• **RECORDS PROVIDED**:
*** Begin section ***
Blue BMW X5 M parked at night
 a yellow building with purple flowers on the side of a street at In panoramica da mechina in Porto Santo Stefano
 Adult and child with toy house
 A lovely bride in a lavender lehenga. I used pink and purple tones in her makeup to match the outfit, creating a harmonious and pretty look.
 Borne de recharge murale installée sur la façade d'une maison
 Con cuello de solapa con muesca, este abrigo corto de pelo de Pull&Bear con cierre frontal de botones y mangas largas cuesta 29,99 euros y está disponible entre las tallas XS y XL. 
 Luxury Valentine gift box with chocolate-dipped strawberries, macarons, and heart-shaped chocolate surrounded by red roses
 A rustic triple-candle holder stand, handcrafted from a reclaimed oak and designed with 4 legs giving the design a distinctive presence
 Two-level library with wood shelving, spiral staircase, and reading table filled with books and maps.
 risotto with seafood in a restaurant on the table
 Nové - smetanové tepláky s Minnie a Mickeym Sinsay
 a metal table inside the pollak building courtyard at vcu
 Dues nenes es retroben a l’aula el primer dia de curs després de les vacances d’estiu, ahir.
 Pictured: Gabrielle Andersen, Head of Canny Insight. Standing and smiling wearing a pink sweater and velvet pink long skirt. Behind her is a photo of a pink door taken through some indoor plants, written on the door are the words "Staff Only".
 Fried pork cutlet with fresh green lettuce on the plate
*** End section ***
• **GOAL OF THE EXERCISE**: What is needed is a faithful transcription of every entry.

• **ANSWER AREA**:
Blue BMW X5 M parked at night
 a yellow building with purple flowers on the side of a street at In panoramica da mechina in Porto Santo Stefano
 Adult and child with toy house
 A lovely bride in a lavender lehenga. I used pink and purple tones in her makeup to match the outfit, creating a harmonious and pretty look.
 Borne de recharge murale installée sur la façade d'une maison
 Con cuello de solapa con muesca, este abrigo corto de pelo de Pull&Bear con cierre frontal de botones y mangas largas cuesta 29,99 euros y está disponible entre las tallas XS y XL. 
 Luxury Valentine gift box with chocolate-dipped strawberries, macarons, and heart-shaped chocolate surrounded by red roses
 A rustic triple-candle holder stand, handcrafted from a reclaimed oak and designed with 4 legs giving the design a distinctive presence
 Two-level library with wood shelving, spiral staircase, and reading table filled with books and maps.
 risotto with seafood in a restaurant on the table
 Nové - smetanové tepláky s Minnie a Mickeym Sinsay
 a metal table inside the pollak building courtyard at vcu
 Dues nenes es retroben a l’aula el primer dia de curs després de les vacances d’estiu, ahir.
 Pictured: Gabrielle Andersen, Head of Canny Insight. Standing and smiling wearing a pink sweater and velvet pink long skirt. Behind her is a photo of a pink door taken through some indoor plants, written on the door are the words "Staff Only".
 Fried pork cutlet with fresh green lettuce on the plate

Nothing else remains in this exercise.